§ WORK INSTRUCTION
Copy out the data exactly as it appears, without a single image.

§ THE DATA
====

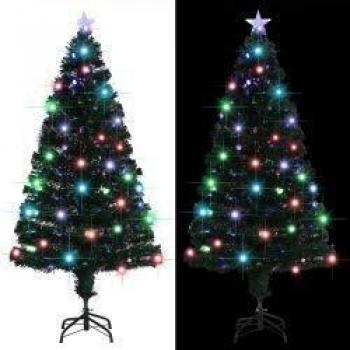 vidaXL Arbol de Navidad Artificial con Soporte/LED 150 cm 170 Ramas Hogar Decoración Navideña Estilo Abeto Pino Adornos Fiesta Christmas Celebración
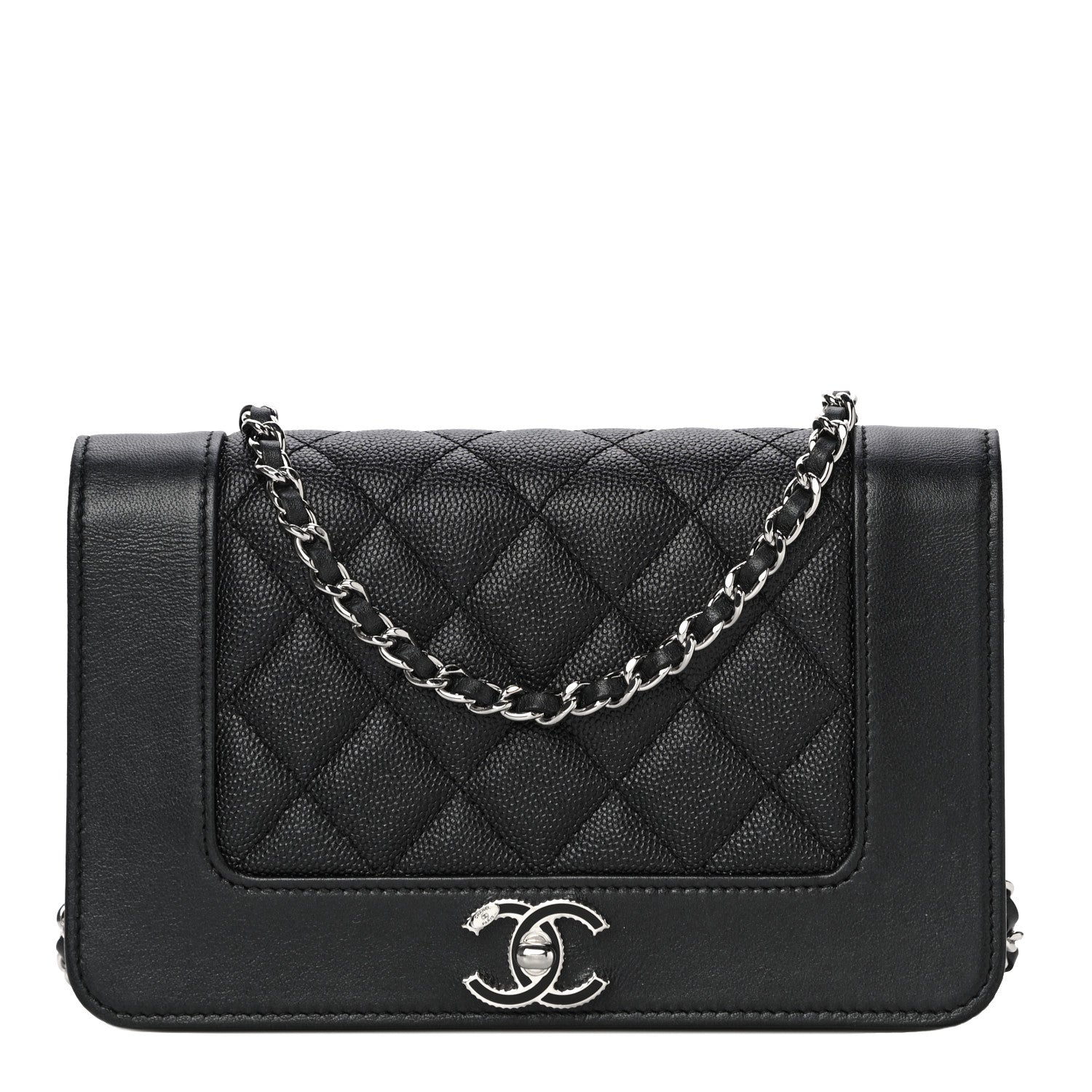 Chanel Caviar Quilted Vintage Mademoiselle Wallet On Chain WOC Black 1 of 20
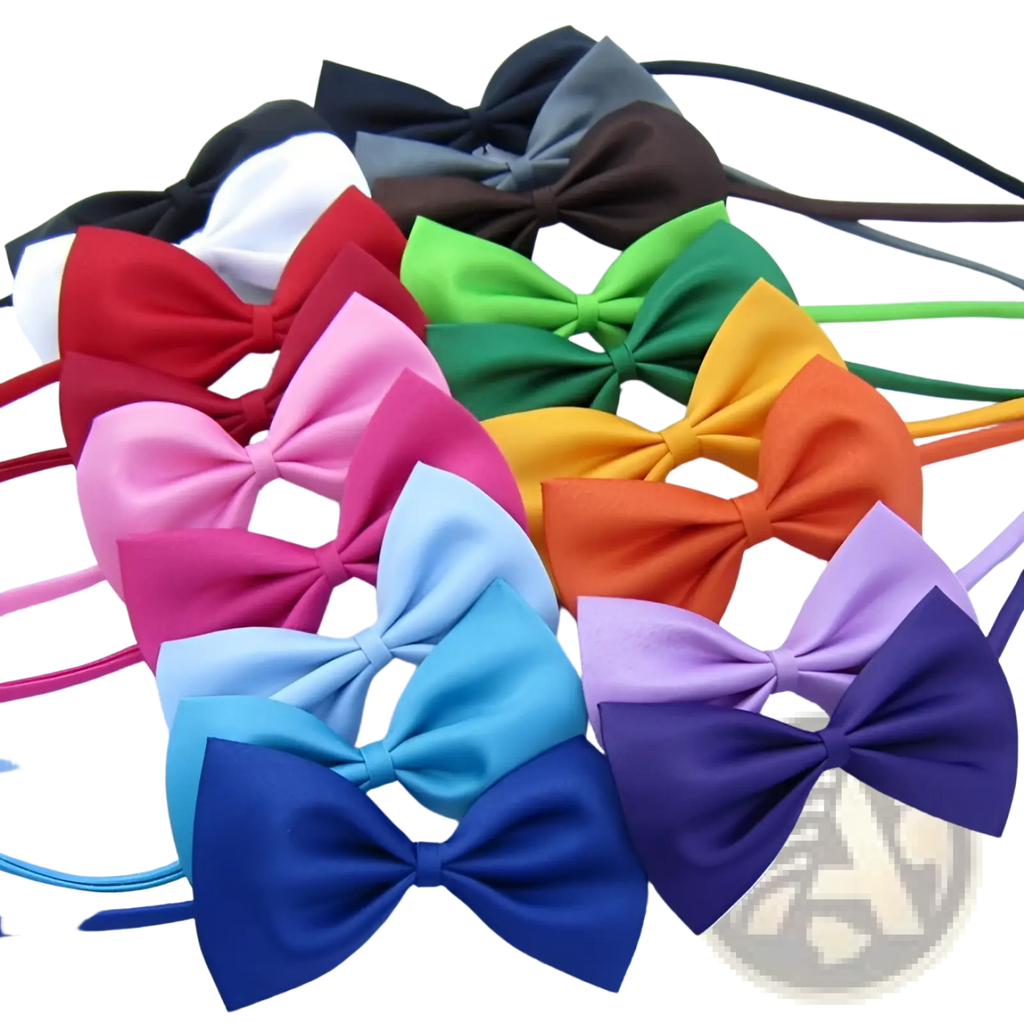 A collection of adjustable satin pet bow ties for dogs and cats in red pink green yellow orange blue and purple hues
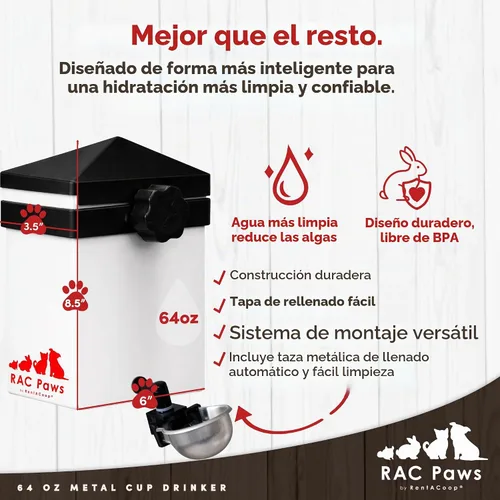 Vista 2 de RentACoop Bebedor de animales pequeños de 64 oz con taza de metal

====

§ ANSWER BELOW
 vidaXL Arbol de Navidad Artificial con Soporte/LED 150 cm 170 Ramas Hogar Decoración Navideña Estilo Abeto Pino Adornos Fiesta Christmas Celebración
 Chanel Caviar Quilted Vintage Mademoiselle Wallet On Chain WOC Black 1 of 20
 A collection of adjustable satin pet bow ties for dogs and cats in red pink green yellow orange blue and purple hues
 Vista 2 de RentACoop Bebedor de animales pequeños de 64 oz con taza de metal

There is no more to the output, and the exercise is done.